Samples were mixed with an equal volume of 2×SDS sample buffer (126 mM Tris-HCl, 20% glycerol, 4% sodium dodecyl sulfate (“SDS”), 0.005% bromophenol blue (pH 6.8), boiled at 100° C. for 5 minutes, loaded onto a gradient (10-20%) Tris-glycine polyacrylamide gel (Novex, San Diego, Calif.), and resolved with 25 mA/gel in a Xcell II Mini Cell system (Novex) containing SDS running buffer (25 mM Tris base, 192 mM glycine, 0.1% SDS, pH 8.3). Gels were stained with Gelcode Blue Stain Reagent (Pierce) for 1 hour at room temperature followed by extensive washes in distilled water.
Diluted Titer Assay
Ten-fold serial dilutions of samples were adjusted to 8 μg/ml of Polybrene™ (1,5-dimethyl-1,5-diazaundecamethylene polymetho-bromide) (Sigma Chemical Co., St. Louis, Mo.). Two milliliters of these dilutions were used to infect NIH 3T3 cells that had been seeded at 60,000 cells/well in a 6-well plate the previous day. At 48 hours after the infection, the cells were fixed and stained for lacZ activity with X-gal (5-bromo-4-chloro-3-indolyl-D-galactopyranoside) (Boehringer Mannheim Corporation, Indianapolis, Ind.). Colonies of lacZ+ cells, which were typically clusters of two, four, or eight blue cells were counted and are reported in the above description as lacZ+ colony forming unit (CFU) per milliliter (Morgan et al., 1995, supra).
Aliquots were collected as plasma passed through the membrane. Each aliquot was assayed to measure prothrombin time (PT) and activated partial thromboplastin time (APTP) using commercially available PT and APTP assay kits (Sigma, St. Louis, Mo.), respectively. The data obtained for the first 20 ml are plotted in FIG. 4: the first few fractions of plasma passed through the membrane had increased PT (Δ) and APTP (∘) values. The PT and APTP values of all subsequent fractions were near normal (T/To≈1).

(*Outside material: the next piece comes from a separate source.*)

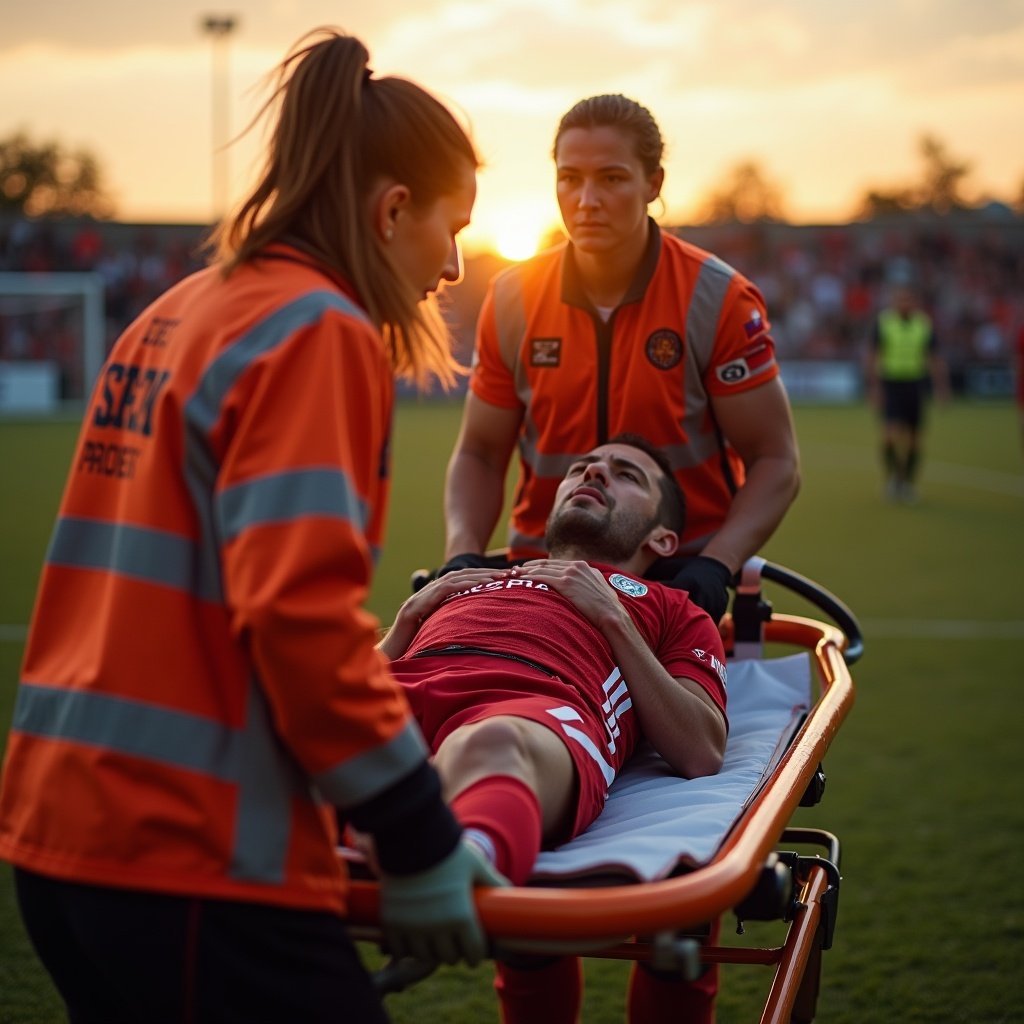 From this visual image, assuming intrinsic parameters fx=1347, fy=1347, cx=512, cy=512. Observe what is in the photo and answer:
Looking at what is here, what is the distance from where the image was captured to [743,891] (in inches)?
75.1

Retrovirus p30 Capsid Protein ELISA
The concentration of p30 capsid protein was determined by ELISA (Rigg et al., Virology, 218:290-295, 1996). ELISA plates (Fisher Scientific, Agawan, Mass.) were coated with 10 μg/ml mouse anti-p30 antibody (CRL-1912 hybridoma cell line) (ATCC, Rockville, Md.) (100 μl/well) in PBS overnight at 4° C. The next day, the antibody solution was removed and BLOTTO™ Blocker in TBS (Pierce, Rockford, Ill.) was added (150 μl/well) for 2 hours at 37° C. Samples were denatured for 5 minutes at >90° C., added to the ELISA plate (100 μl/well) and incubated for 1 hour at 37° C. The plate was washed and a polyclonal goat anti-p30 antibody (78S221)(Quality Biotech, Camden, N.J.) diluted 1:1000 in BLOTTO™ Blocker in TBS was added and incubated for 1 h at 37° C. The plate was washed and an HRP-conjugated rabbit anti-goat IgG polyclonal antibody (Calbiochem-Novabiochem International, San Diego, Calif.) diluted 1:1000 was added (100 μl/well) and incubated for 1 hour at 37° C. An o-phenylenediamine (“OPD”) pill (Sigma) (10 mg) was dissolved in substrate buffer (25 ml) at room temperature with 10 μl of 30% H2O2 added. The OPD solution was added (100 μl/well) and after 5 minutes the reaction was stopped with 8N H2SO4 (50 μl/well). Optical density at 490 nm (“OD490”) was measured and nonspecific background at 650 nm subtracted. Data corresponding to each point in FIGS. 1B, 1C, 2D, and 3 are the average over at least three iterations of the experiment.
It is to be understood that while the invention has been described in conjunction with the detailed description thereof, the foregoing description is intended to illustrate and not limit the scope of the invention, which is defined by the scope of the appended claims. Other aspects, advantages, and modifications are within the scope of the following claims.